Seul Novak Djokovic l'arrête. Mais qu'importe cette finale perdue: le tennis français tient son nouveau héros !

Armé de son service et de son coup droit ravageurs, Tsonga enchaîne en remportant son premier titre à Bangkok, puis son premier Masters 1000, à Bercy. Fin 2008, il est 6e mondial.

- Colosse aux pieds d'argile -

Mais l'ombre des blessures rôde. Ce printemps-là, le colosse (1,88 m, 91 kg) s'est fait opérer du genou et a dû rester éloigné des courts plusieurs mois.

Un scénario qui le poursuivra pendant toute sa carrière. Une carrière qui avait d'ailleurs failli ne jamais débuter, à cause de multiples pépins physiques dès ses années de juniors.

En 2010, une déchirure abdominale le prive de Roland-Garros et un genou douloureux de la finale de la Coupe Davis perdue en Serbie. Suivront des blessures au tendon rotulien (2013), à l'avant-bras (2015), aux adducteurs (2016) ou encore aux ischios (2018). Même dans le dernier simple de sa carrière, contre le Norvégien Casper Ruud, il est gêné par une douleur à l'épaule.

- "Danse des pouces" -

À chaque fois Tsonga revient. En 2011, il est demi-finaliste à Wimbledon, après un quart spectaculaire remporté face à Federer. Suivent une finale à Bercy et au Masters.

L'année suivante, c'est le retour de la "danse des pouces" avec laquelle il célèbre ses victoires: il se hisse jusqu'en quarts à Roland-Garros, devenant le premier Français de l'ère Open à atteindre ce niveau dans les quatre "Majeurs". Il accède ensuite au dernier carré à Wimbledon et termine l'année 5e mondial, son meilleur classement. En tout, Tsonga a passé 260 semaines dans le Top 10.

Son grand regret restera sans doute la demi-finale perdue à Roland-Garros 2013. Trente ans après Noah, l'histoire lui tend les bras. Après avoir maîtrisé Federer, alors 3e mondial, en quarts, David Ferrer semble à sa portée. Mais, paralysé par l'enjeu, Tsonga manque son grand rendez-vous. Après le match, "j'avais envie de tout casser, de me mutiler", déclarera-t-il.
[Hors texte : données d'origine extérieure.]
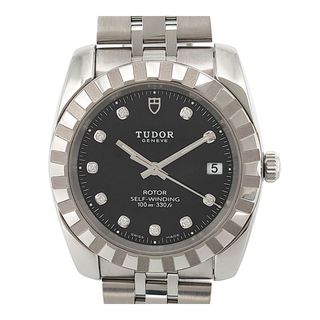 チュードル(Tudor)のチューダー クラシック デイト 10Pダイヤモンド 21010 自動巻き ステンレススティール メンズ TUDOR 【中古】 【時計】(腕時計(アナログ))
Grâce à son jeu spectaculaire - "Je joue, bien ou pas, je râle, je crie, je hurle de joie. Mon tennis, c’est la vie", disait-il - Tsonga a été avec Gaël Monfils l'un des chouchous des fans tricolores.
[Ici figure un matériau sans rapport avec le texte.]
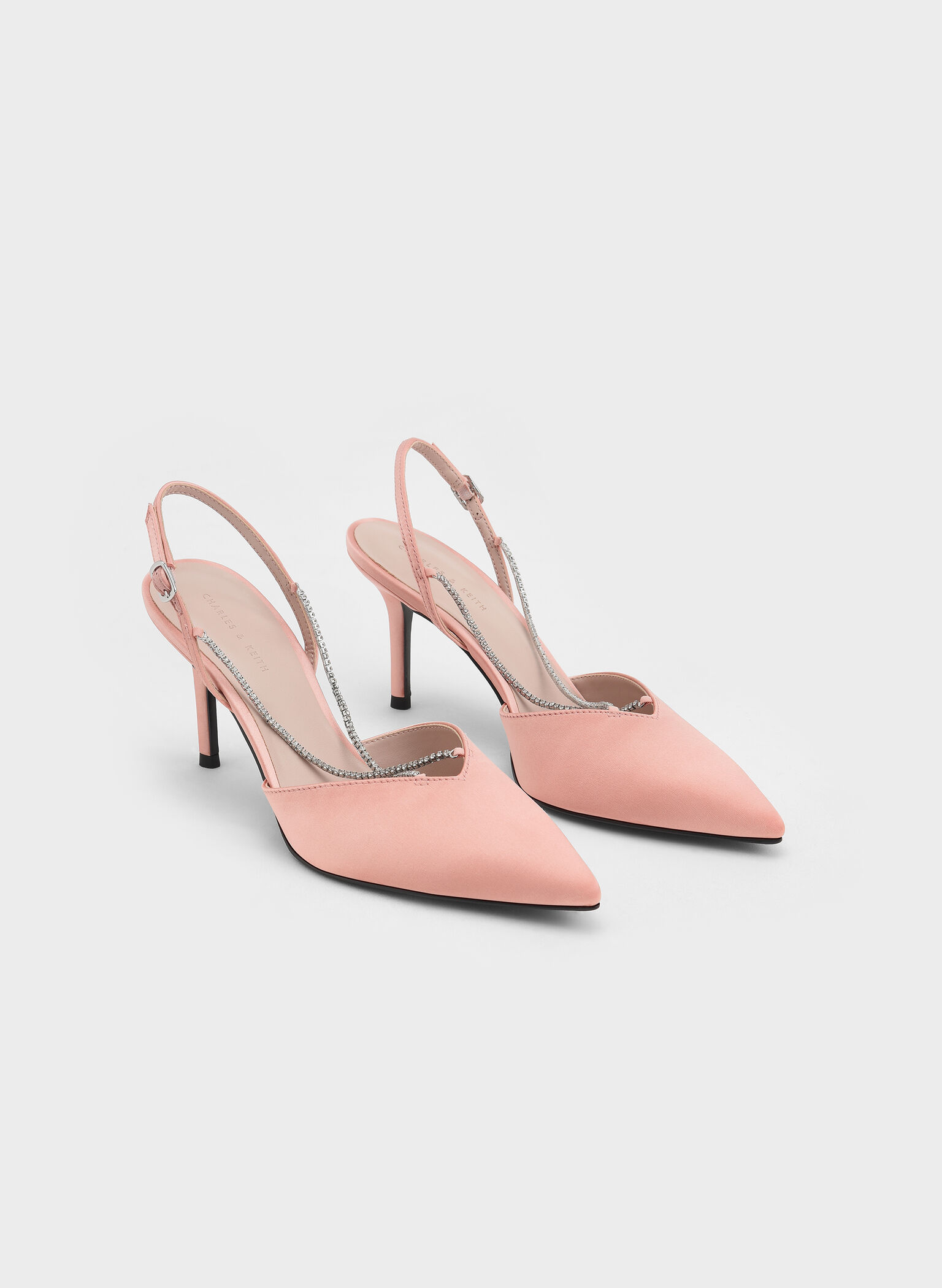 Adel Recycled Polyester Gem-Strap Slingback Ballerina Pumps, Blush, hi-res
"En France, le public a toujours été extrêmement bienveillant à mon égard (...) C’est une source de motivation très puissante. La moindre des choses, c’est de lui rendre ce soutien, de l’honorer en mouillant le maillot".

Membre fondateur de la All In Tennis Academy, une nouvelle structure française de formation, Tsonga, marié et père de deux enfants, souhaite désormais "aider le tennis français".